Showing posts with label jboss. Show all posts
Showing posts with label jboss. Show all posts

Thursday, 20 August 2009

Time to write some tests....

There is always time in your Enterprise Application's life when your code base is just to big to remember every class, then you don't remember what some projects do, then some modules... this is the time when you have to sit down and "waste" some time, and by wasting I mean not write some application code ;)

So today I'm starting building a test framework for our EJB3s...

http://jakarta.apache.org/cactus/getting_started.html

I'll try first with cactus... we will see if it's useful.

Tuesday, 4 August 2009

Java reflection joy :)

Today I had to get database credentials to create connection manually. Of course in JBoss you are defining DataSource in default-ds.xml or in our case oracle-ds.xml which is then parsed by JBoss and you can get a Connection from JNDI (if its registered ;).

But if you have to create connection with the same credentials inside the EAR file which means you would have to specify username, password and db URL again the whole idea about keeping one information in one place fall apart and coding and deploying become to be huge pain and its error prone!

So... of course, the easiest way to get those credentials which are kept in private field called mcf in WrappedDataSource is to use reflection. mcf is a LocalManagedConnectionFactory (org.jboss.resource.adapter.jdbc.local) object which exposes all database configuration as properties.
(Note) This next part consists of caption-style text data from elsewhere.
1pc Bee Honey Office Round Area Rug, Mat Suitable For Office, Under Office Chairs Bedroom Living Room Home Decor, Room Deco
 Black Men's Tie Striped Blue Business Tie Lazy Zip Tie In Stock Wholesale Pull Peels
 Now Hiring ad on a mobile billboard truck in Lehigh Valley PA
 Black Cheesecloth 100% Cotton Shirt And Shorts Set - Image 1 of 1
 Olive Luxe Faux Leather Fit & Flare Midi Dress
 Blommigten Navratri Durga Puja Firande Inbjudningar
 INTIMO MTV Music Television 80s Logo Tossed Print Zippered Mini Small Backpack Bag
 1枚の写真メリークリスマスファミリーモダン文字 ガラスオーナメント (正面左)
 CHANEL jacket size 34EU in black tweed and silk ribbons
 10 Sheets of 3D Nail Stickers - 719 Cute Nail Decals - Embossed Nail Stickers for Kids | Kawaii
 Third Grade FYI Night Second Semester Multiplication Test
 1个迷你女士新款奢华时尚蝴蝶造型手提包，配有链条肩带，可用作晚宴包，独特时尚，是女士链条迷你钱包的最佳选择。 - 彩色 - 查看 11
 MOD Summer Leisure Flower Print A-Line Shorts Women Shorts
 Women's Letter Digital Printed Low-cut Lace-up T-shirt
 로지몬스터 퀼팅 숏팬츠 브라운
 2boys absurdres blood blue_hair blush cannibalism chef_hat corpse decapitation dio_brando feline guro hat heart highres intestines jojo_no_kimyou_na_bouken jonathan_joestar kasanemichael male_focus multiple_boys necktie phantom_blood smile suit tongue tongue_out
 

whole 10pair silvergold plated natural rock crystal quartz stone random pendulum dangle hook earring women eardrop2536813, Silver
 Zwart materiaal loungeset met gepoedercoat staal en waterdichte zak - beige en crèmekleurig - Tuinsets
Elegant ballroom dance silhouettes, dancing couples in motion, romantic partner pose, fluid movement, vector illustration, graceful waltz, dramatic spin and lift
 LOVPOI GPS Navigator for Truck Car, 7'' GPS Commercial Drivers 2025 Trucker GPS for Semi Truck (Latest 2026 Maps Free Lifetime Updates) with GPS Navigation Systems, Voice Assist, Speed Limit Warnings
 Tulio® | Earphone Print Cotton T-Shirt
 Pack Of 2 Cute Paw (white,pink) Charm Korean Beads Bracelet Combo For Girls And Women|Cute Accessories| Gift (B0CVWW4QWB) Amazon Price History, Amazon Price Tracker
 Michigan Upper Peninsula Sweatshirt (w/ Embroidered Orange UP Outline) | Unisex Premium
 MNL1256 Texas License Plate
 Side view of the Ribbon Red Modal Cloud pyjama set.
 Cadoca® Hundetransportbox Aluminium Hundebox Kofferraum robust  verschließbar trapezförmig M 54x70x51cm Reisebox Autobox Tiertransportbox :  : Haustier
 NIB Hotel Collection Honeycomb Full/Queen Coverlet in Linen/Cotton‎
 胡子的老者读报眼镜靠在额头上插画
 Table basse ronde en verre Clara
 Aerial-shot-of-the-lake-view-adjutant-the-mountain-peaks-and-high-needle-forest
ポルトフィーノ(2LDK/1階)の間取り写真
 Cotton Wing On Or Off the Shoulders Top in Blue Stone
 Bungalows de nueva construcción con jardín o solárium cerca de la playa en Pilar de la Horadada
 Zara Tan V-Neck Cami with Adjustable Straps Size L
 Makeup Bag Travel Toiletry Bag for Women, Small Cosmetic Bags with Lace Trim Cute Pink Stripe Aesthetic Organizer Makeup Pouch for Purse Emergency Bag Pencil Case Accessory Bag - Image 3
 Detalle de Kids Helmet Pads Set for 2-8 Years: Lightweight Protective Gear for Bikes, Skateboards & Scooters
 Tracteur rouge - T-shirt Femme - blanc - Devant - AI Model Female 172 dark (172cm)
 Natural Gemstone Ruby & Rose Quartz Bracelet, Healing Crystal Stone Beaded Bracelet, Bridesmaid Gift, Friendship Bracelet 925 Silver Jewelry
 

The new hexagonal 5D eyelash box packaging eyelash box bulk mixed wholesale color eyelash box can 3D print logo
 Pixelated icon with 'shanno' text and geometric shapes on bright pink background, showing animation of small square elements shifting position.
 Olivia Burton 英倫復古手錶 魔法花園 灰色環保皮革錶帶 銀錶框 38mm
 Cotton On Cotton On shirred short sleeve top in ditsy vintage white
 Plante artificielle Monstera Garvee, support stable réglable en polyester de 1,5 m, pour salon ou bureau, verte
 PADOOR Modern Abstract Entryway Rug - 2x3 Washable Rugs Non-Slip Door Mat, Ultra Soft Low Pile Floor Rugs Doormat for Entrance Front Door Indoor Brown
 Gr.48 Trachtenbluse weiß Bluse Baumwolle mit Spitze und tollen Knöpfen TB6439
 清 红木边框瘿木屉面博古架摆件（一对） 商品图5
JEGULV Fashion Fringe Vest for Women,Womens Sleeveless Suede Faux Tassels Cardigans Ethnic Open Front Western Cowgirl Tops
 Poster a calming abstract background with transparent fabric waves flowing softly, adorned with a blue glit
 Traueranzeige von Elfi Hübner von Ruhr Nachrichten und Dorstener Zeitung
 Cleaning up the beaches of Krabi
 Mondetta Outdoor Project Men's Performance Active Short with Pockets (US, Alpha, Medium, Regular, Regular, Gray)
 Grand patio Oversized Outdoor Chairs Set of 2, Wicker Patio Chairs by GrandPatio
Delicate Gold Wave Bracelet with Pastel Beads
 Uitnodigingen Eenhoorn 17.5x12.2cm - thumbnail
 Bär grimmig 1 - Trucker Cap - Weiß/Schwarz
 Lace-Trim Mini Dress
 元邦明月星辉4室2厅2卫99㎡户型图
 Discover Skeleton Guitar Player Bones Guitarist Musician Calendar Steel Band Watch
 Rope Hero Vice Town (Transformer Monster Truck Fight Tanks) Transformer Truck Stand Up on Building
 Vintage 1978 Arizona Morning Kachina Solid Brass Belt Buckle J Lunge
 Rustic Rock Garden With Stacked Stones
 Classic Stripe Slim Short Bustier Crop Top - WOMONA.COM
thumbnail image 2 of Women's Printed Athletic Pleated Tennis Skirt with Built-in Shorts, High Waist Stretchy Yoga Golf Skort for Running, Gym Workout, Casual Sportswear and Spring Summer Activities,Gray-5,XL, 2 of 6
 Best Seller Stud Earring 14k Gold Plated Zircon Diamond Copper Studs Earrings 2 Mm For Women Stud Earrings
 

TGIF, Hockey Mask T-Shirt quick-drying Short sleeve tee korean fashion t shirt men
But if you think that you can write:

Field localManagedConnectionFactory = WrapperDataSource.class.getDeclaredField("mcf");


you are wrong ! ;)

Even if getDeclaredField method returns explicitly Field (java.lang.reflection) you still have to cast it to Field!!! So the final code looks like that:

Context ctx = new InitialContext();

DataSource ds = (DataSource) ctx.lookup("java:OracleDS");

Field localManagedConnectionFactory = (Field)WrapperDataSource.class.getDeclaredField("mcf");



localManagedConnectionFactory.setAccessible(true);

LocalManagedConnectionFactory mcf = (LocalManagedConnectionFactory )localManagedConnectionFactory.get(ds);

String database = mcf.getConnectionURL();


I can enjoy java over and over again ;)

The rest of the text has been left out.